Dolphin Address 36
December 31, 2004
Meanwhile the bitter decision has fallen. After many weeks of weighing arguments the outcome feels sudden nevertheless. We are back in Berlin. 1800 km in 3 days.
Being caught in Dublin traffic for four hours makes it emotionally easier to part with Ireland, though not physically. In the dead of night through the curvy mountains of Wales under heavy downpour and flooded roads, when in the middle of nowhere a highlighted Shell station provides drink and food for mental strength.
Determined to pass Birmingham in order to avoid its traffic congestion. Sleeping in the car on a 'Services' parking between a Big Brother and a Road Castle. Plenty on time in Harwich to repair the left mirror, filling it up with an empty Rothmans case and half a kilometer of tape. 3,5 hours of endless boredom on the boat to Holland.
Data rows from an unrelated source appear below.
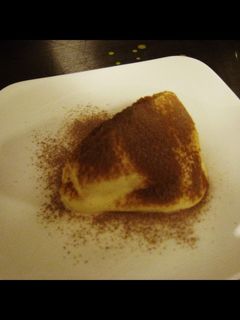 本格美味・イタリアンティラミス-レシピのメイン写真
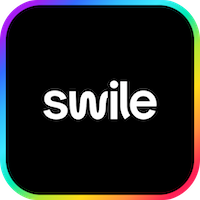 Swile Business Travel logo
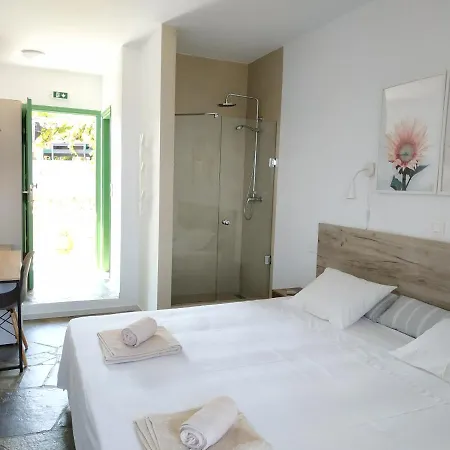 Apartman Asteri Living Alónnisos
And then drive on the right side again, through a desolate 'Randstad', the darkness of the 'polder', the playground roundabouts of Roden and then, as a breath of temporal tranquility, the lorry parking place at the swimming pool in Norg.
Up at 8 after 4 hours of sleep and done the most important things like visiting my Mother and getting a roll of rubber for the waterwing. Halfway in the afternoon I had finished my errands, so up to Berlin. Generously fast over the multi-lane Autobahn, but still three times big in the 'Stau'.
I have mentioned before the 'seaweed-effect', the optical illusion that makes you believe that the seaweed is idling while the bottom is shifting. Everybody knows the 'train-effect', when watching a moving train from one that is standing still, creates the illusion of moving yourself. This also goes for standing still in the Stau. When the lane aside of me was moving I very really felt myself rolling back, even with my foot pushing heavy on the brake. Probably a side-effect of over-driving. Then Berlin, impeccably straight to the Weigandufer, as if the whole trajectory had fallen asleep and woke up at the right moment.
How now, Berlin? I could give a gloomy description of the towering monotony of endless housing, of streets filled with anonymous people with shifty eyes. But I live here in light and love and warm myself to the spark of Verena's genius. And where the waterwing is concerned, Berlin has unprecedented possibilities for the development of the most ideal combination of all previous findings.
My head is still spinning, but not for long. We'll keep you posted.